» What the task asks: Please restate, word for word, the lines below that begin at the one with "Beautiful large chrome and glass table lamp" and end at the one with "Payroll Ledger With". Leave out all other lines.

────

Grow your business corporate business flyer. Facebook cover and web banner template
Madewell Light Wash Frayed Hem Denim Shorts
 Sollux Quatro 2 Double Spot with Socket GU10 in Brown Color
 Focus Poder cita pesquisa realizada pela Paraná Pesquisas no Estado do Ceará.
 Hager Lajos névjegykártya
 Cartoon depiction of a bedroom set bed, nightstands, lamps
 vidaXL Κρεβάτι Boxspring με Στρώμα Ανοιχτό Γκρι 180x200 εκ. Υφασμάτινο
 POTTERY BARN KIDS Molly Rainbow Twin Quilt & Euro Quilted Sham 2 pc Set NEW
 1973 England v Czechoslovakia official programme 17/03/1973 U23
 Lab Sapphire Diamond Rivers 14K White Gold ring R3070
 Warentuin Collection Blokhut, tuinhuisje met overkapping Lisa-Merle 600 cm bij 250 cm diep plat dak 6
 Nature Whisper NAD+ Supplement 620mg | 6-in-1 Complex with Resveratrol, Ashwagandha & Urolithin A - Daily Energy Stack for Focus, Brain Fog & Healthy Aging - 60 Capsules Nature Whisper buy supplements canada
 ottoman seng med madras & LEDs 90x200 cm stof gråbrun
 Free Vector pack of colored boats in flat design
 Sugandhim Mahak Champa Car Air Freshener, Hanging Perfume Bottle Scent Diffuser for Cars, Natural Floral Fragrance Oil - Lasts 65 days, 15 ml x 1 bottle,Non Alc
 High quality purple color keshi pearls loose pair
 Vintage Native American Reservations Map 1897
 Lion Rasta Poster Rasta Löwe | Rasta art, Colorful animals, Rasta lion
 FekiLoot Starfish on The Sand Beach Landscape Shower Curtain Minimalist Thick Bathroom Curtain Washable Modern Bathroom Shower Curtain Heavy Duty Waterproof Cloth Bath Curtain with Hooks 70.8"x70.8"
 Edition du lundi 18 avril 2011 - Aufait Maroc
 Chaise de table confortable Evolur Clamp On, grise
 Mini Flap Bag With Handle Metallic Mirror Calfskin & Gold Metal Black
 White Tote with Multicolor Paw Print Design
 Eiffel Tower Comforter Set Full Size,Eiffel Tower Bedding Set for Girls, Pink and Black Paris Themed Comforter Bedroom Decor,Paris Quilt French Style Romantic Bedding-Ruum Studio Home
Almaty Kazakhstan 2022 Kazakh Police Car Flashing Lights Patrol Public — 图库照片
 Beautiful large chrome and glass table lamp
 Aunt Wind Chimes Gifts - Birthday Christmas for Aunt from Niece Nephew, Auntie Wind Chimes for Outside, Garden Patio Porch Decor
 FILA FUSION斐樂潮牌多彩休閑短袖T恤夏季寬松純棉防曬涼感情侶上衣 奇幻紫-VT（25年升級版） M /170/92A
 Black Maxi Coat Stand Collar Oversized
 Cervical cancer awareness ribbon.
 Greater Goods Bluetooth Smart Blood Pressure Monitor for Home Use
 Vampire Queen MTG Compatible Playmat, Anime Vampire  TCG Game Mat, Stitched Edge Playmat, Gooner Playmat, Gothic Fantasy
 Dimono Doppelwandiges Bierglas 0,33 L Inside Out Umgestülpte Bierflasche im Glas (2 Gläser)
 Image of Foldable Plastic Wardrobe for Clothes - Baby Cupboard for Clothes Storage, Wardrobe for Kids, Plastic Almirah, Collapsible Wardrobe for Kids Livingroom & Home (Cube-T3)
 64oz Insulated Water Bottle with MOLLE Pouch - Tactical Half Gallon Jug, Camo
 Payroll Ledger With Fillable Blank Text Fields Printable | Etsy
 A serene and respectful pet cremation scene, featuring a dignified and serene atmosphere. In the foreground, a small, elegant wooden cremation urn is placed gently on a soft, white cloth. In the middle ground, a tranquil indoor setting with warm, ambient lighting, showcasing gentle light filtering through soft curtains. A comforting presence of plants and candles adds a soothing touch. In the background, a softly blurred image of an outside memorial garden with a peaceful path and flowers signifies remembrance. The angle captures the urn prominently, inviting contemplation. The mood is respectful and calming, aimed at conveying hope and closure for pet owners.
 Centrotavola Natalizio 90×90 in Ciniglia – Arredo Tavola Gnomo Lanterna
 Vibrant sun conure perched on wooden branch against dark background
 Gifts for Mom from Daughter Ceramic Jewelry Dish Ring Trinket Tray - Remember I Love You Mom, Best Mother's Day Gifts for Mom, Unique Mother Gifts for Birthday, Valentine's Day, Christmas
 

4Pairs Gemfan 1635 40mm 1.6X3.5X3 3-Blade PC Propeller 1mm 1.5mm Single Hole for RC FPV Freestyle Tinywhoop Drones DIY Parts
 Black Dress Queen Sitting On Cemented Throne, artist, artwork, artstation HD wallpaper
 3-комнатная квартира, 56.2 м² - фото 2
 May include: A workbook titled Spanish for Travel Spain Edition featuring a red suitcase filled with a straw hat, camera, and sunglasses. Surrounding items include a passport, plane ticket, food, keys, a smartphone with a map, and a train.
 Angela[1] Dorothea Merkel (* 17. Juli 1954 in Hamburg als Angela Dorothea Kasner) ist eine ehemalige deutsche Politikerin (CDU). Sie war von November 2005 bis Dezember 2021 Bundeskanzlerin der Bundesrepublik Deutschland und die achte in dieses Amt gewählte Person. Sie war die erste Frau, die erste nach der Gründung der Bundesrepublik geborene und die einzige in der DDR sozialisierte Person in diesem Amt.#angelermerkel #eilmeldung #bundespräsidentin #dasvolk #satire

────

» Reply:
 Beautiful large chrome and glass table lamp
 Aunt Wind Chimes Gifts - Birthday Christmas for Aunt from Niece Nephew, Auntie Wind Chimes for Outside, Garden Patio Porch Decor
 FILA FUSION斐樂潮牌多彩休閑短袖T恤夏季寬松純棉防曬涼感情侶上衣 奇幻紫-VT（25年升級版） M /170/92A
 Black Maxi Coat Stand Collar Oversized
 Cervical cancer awareness ribbon.
 Greater Goods Bluetooth Smart Blood Pressure Monitor for Home Use
 Vampire Queen MTG Compatible Playmat, Anime Vampire  TCG Game Mat, Stitched Edge Playmat, Gooner Playmat, Gothic Fantasy
 Dimono Doppelwandiges Bierglas 0,33 L Inside Out Umgestülpte Bierflasche im Glas (2 Gläser)
 Image of Foldable Plastic Wardrobe for Clothes - Baby Cupboard for Clothes Storage, Wardrobe for Kids, Plastic Almirah, Collapsible Wardrobe for Kids Livingroom & Home (Cube-T3)
 64oz Insulated Water Bottle with MOLLE Pouch - Tactical Half Gallon Jug, Camo
 Payroll Ledger With Fillable Blank Text Fields Printable | Etsy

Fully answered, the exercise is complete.